The first thing we need to look at is why the unit tests are breaking. Often when developers start writing tests the tests can be overly brittle merely due to inexperience. In these cases it is a learning experience and hopefully the fixed up tests will be a little more robust than they were before. Still, even with well sculpted unit tests guarding the code's behaviour, developers will find reasons to justify changing that behaviour. The presence of unit tests, now broken unit tests, doesn't make that change expensive, it just makes the true cost of that change visible. Making behaviour changes to an existing code base (that has already committed to some form of acceptance testing, and likely is already out in production) is a very costly exercise. Breaking unit tests are demonstrating what the cost of that change is up-front. Without the unit tests, the deposit you pay up front for the change is smaller, but the rest of the cost is charged with interest in the forms of risk and technical debt. Unit tests show you exactly what is dependent on the behaviour as it was when you first committed to it. You have a clear map not only to fix the tests, but ensure that you can fix the code documented by the tests to suit the desired new behaviour. Without that map, you're driving blind and only regression tests are going to find the spots you miss if you're careful, or it will be your customers that find them if you're not.

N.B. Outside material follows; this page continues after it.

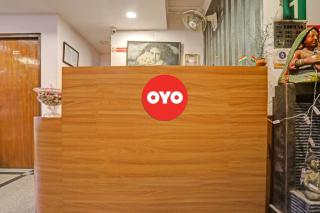 Hotel O Silver Inn Residency - 8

So, how do you keep the cost of change under control? An obvious answer would be to identify all change before coding starts, and allowing no change until coding finishes. This would be a motto for BDUF (Big Design Up Front) advocates, but in the realm of typical business software this really doesn't work. By the time coding starts and the customer actually sees implementation they are already thinking about changes. The Agile solution is to implement only the minimum functionality you need to meet requirements as you go. Often the biggest contributor to these kinds of large behaviour changes are due to development teams trying to save time in the future by implementing code that isn't necessary now. Classic reasons include over-engineering solutions, scope creep, or committing to a particular technology/framework on the basis that it may solve problems you might encounter, just not right now. Other ways to avoid large change costs is by embracing constant re-factoring. Get in the habbit of including small improvements into your code as you implement new features. Introduce base classes for common code, delete stale code with a vengeance. Any improvement to reduce the overall size of the code base should be a very high priority. Don't leave things for later, because that is debt that starts accumulating interest as new functionality comes to depend on it, or reproduces it for the sake of consistency.

On a side note:
Writing software can be like a game of chess. You don't walk up to a match with a memorized set of moves that will guarantee victory. This isn't tic-tac-toe. You've got to be prepared to adapt to the opponent that is your customer, your manager, your budget; and you've got to be prepared to sacrifice pieces in the hopes of winning the game. A developer with over-engineered code is like a player that values each piece on the board too highly. A lot of time and sweat has been spent in the code and you cannot justify sacrificing it when the demands of the game deviate from the original plan. The result is putting even more sweat and time into the solution and the resulting choice of moves doesn't win you the game, they lose it and the customer walks away.